Using the per-hop positives and negatives we collected when training the retriever, the model is trained to output high scores for positive sentences, and low scores for negative sentences, using a cross-entropy loss. Note that we don’t use the gold sentences from our dataset yet; all sentences that come from a positive passage are considered positives.
Stage 2
After looking at all passages and scoring the sentences within, the top 9 fact sentences are sent to the second stage.
The stage 2 condenser looks at all of the facts at once. Like in the previous stage, each fact is prepended with a special token and scored. The loss used this time is a linear combination of binary cross entropy loss for each individual fact, and cross entropy loss for each positive fact against all negatives. This both incentivizes all positive facts to be scored higher than negatives and causes “better” positive facts to be scored higher.
All facts that have a positive score after this step are added to the context. If there are still hops left, this context is added to the query, creating the context for the next hop. Otherwise, the query and context are sent to the reader.
Reader
The reader is the final stage of Baleen, and frankly, the least interesting. The authors were focused on improving the retrieval aspect of multi-hop fact verification, so the reader is trained in the same way as prior approaches for a fair comparison. For claim verificiation, it outputs whether or not the claim was supported based on the query and retrieved facts. Like with the condensers, the reader is implemented with an ELECTRA model.
Conclusion
Baleen makes a number of interesting contributions to the field of multi-hop question answering:
- By using focused late interaction instead of full ColBERT interaction, documents only have to match against certain parts of the query and context, allowing different kinds of “queries” to be generated within a single hop.
- Latent hop ordering identifies which documents should be retrieved on which hop, mitigating the need to add hop labels to dataset items.
- Finally, the 2-stage condenser architecture reduces the multiple passages retrieved into a set of 1-4 sentences to be appended to the query, allowing the system to scale to multiple hops. Because of how condensing is done, facts are filtered based on both their context within a passage and their relationship to each other.

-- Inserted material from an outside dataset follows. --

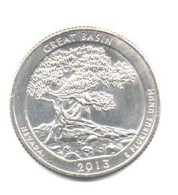 2013 - Stati Uniti 25 Cents - Quarter Great Basin   S     ------ - 2010-...: National Parks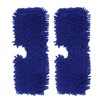2PCS Mop Head Pad Microfiber Mop Replacement Pad Washable Reusable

Given the number of tasks where at least one part can be described as “give me the most helpful documents for this query”, combined with its high performance, I’m thinking we’ll be seeing Baleen integrated into more systems in the future. I feel like one of the big obstacles at this point is that there are so many ideas in this paper to wrap your head around, you end up going with something else just for the simplicity. If that’s the case, hopefully this post helps!